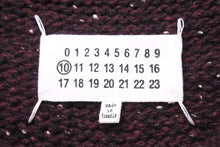 画像をギャラリービューアに読み込む, Maison Margiela メゾンマルジェラ オーバーサイズ セーター 19AW レッド トップス S50GP0163 S16788 サイズS 美品 中古 42519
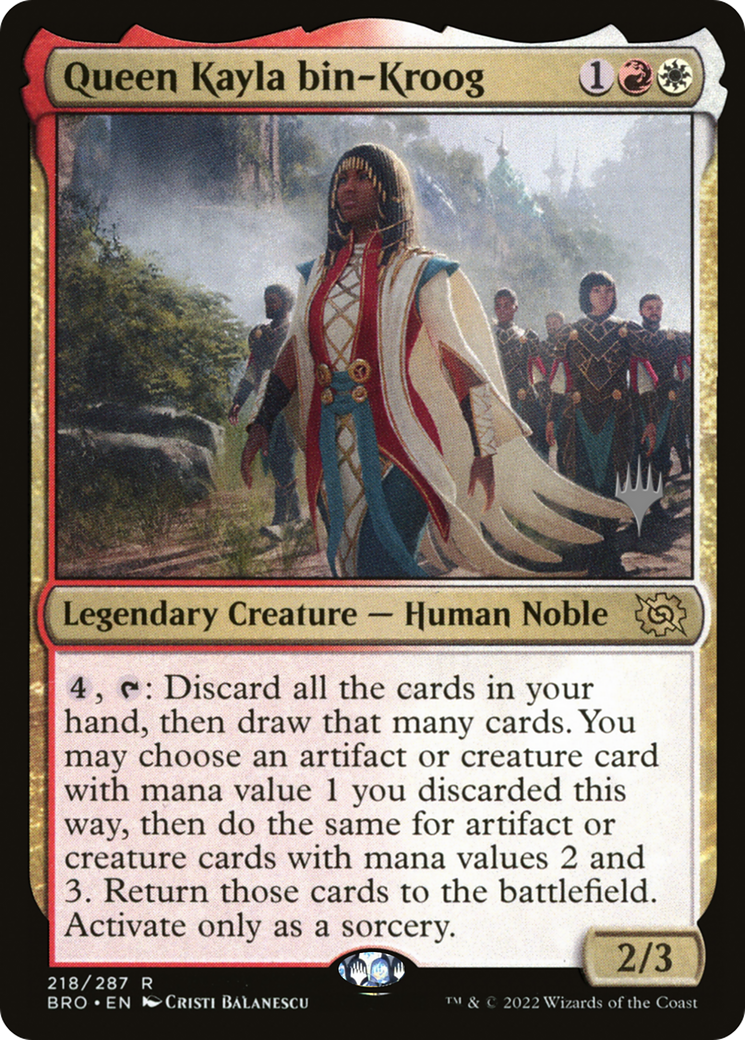 Queen Kayla bin-Kroog (PPBRO-218P) [The Brothers' War Promos] Foil MTG Single Wizards of the Coast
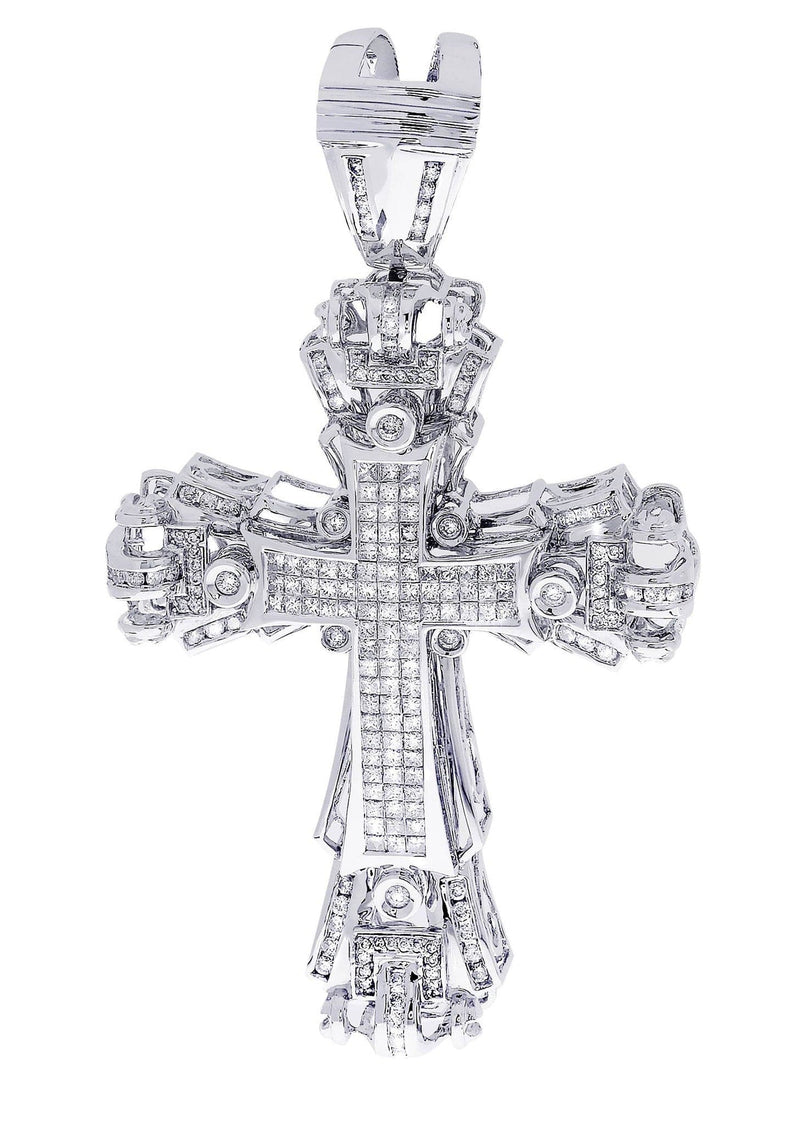 Diamond Cross Pendant| 4.3 Carats| 31.55 Grams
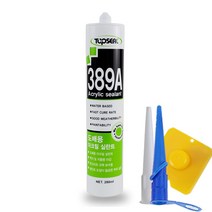 탑씰 도배용 아크릴 실리콘 탑실 989A 백색 (구매수량마다 사은품증정), 1개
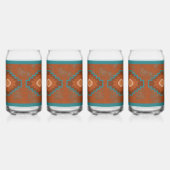 Southwest Canyons Turquoise Diamond Design Dosenglas (Rechts)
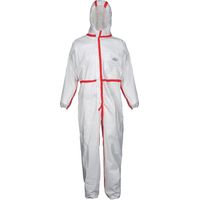 Tuta protettiva CoverStar Plus® Gr. XL bianco/rosso PSA III
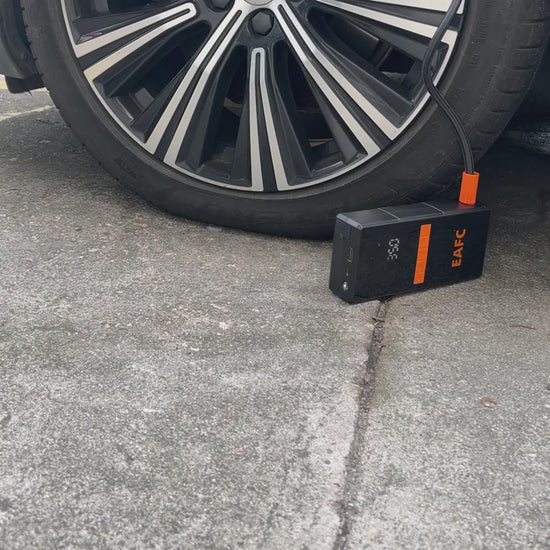 Démonstration du booster de batterie avec compresseur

> Task to carry out: Extract the lines exactly, please: the first line of the listing, the line with "Tuta protettiva CoverStar", and every line between them, but no pictures.

> Your solution:
 画像をギャラリービューアに読み込む, Maison Margiela メゾンマルジェラ オーバーサイズ セーター 19AW レッド トップス S50GP0163 S16788 サイズS 美品 中古 42519
 Queen Kayla bin-Kroog (PPBRO-218P) [The Brothers' War Promos] Foil MTG Single Wizards of the Coast
 Diamond Cross Pendant| 4.3 Carats| 31.55 Grams
 탑씰 도배용 아크릴 실리콘 탑실 989A 백색 (구매수량마다 사은품증정), 1개
 Southwest Canyons Turquoise Diamond Design Dosenglas (Rechts)
 Tuta protettiva CoverStar Plus® Gr. XL bianco/rosso PSA III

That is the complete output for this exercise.